C’est une nappe irrégulière, peu profonde ; les mousses et les algues vertes y tracent des lignes moirées et des milliers de mouches d’eau la rident de petits sillons éphémères. Des paons perchés sur les murs de marbre se mirent curieusement dans l’eau tranquille. Parfois, les éboulis de rochers, des tronçons de vieilles sculptures, détachés par nos pas, roulent jusqu’en bas, effarouchant, dans leur chute, les lézards et les écureuils qui prennent leurs ébats dans les manguiers touffus.

Notre guide, un chaprasi du Maharadja, monte silencieusement, sans explications banales et inutiles. Nous visitons les cours d’audience, les salles de Durbar.

Tous ces palais sont les mêmes, l’Indou n’a pas d’imagination et une trop grande paresse de l’idée pour créer, il copie. Les zenanas seuls sont charmants : bien disposés au midi, sous les coupoles. Les miroirs d’étain poli, enchâssés dans des guirlandes de plâtre fiorituré, lambrissent les murs et les plafonds, le sol est de marbre blanc, veiné de noir, une rigole traverse l’appartement pour l’écoulement des eaux. Les grandes grilles d’argent laissent apercevoir, par delà le lac, la montagne et la route, qui se perd au loin dans les cactus géants.

Ce fort abandonné vit par les appartements de femmes, dont les formes grêles ont dû tant de fois coller leurs fronts mats à ces barrières impitoyables, pour voir cette vie du dehors, leur fruit défendu. L’empreinte de leurs pieds nus demeure sur les mosaïques parfumées, la pensée les évoque couchées dans leurs soies légères, parées comme des châsses, indolentes, passives ou intrigantes, révoltées, préparant des poisons, dont elles font encore usage, pour se débarrasser d’une rivale plus belle ou plus nouvelle.

Par des escaliers étroits, des portes secrètes, l’on pénètre dans des corridors voûtés, éclairés de loin en loin par des marbres ajourés. Des portes closes à égale distance secouent d’un frisson d’étrange curiosité, mal définie : on ne résiste pas, malgré soi l’on veut voir, entrer.
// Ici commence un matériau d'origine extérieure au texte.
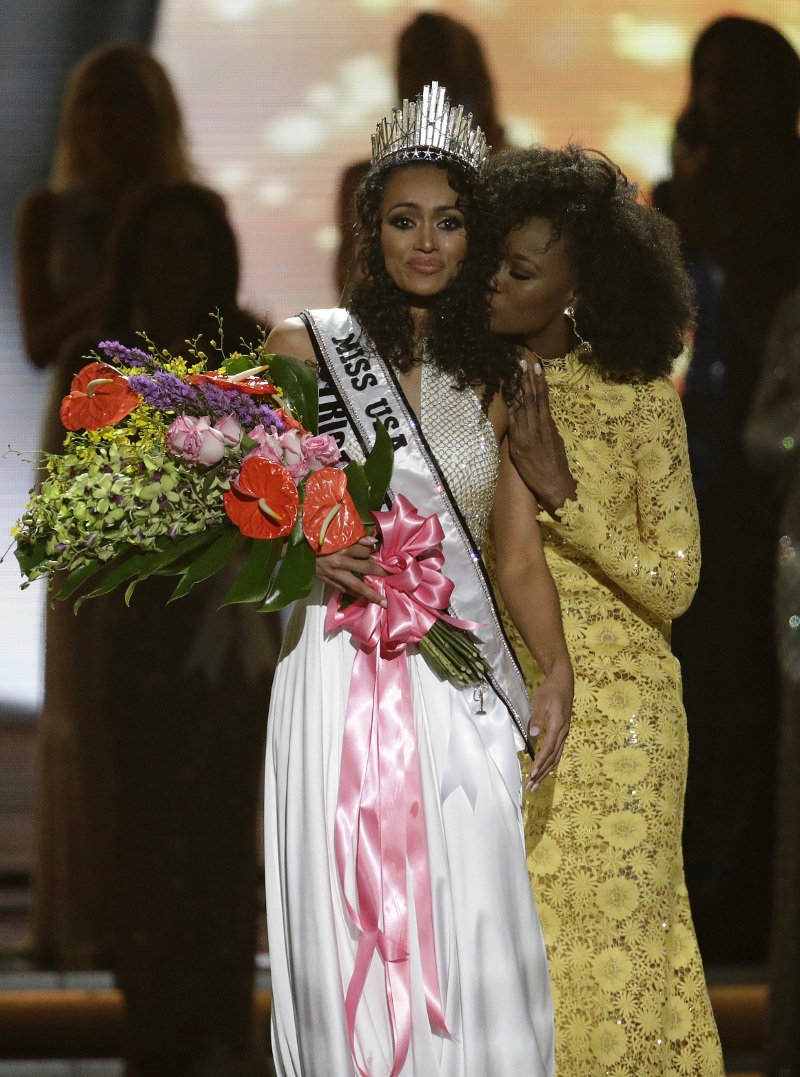 Καλλονή και επιστήμονας -Χημικός που εργάζεται στην επιτροπή πυρηνικών η νέα Miss USA [εικόνες] | iefimerida.gr 4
Des salles basses s’ouvrent sur une cour intérieure, zenanas aussi, mais plus mystérieux, plus clos, plus isolés, zenanas de vieilles, d’abandonnées, ou zenanas de favorites plus jalousement gardées ? La tradition ne le dit pas.

Nul indice ne laisse deviner au visiteur qu’entre ces murs des yeux tendres et rieurs s’initièrent à l’histoire peinte à fresque du dieu Shiva et de sa femme Parvati, et le plan des villes saintes tracées sur les murs avec des personnages et des maisons d’arche de Noé, gardent le secret de celles qui les ont contemplés, puisant dans la religion l’oubli de leurs douleurs et de leurs amours.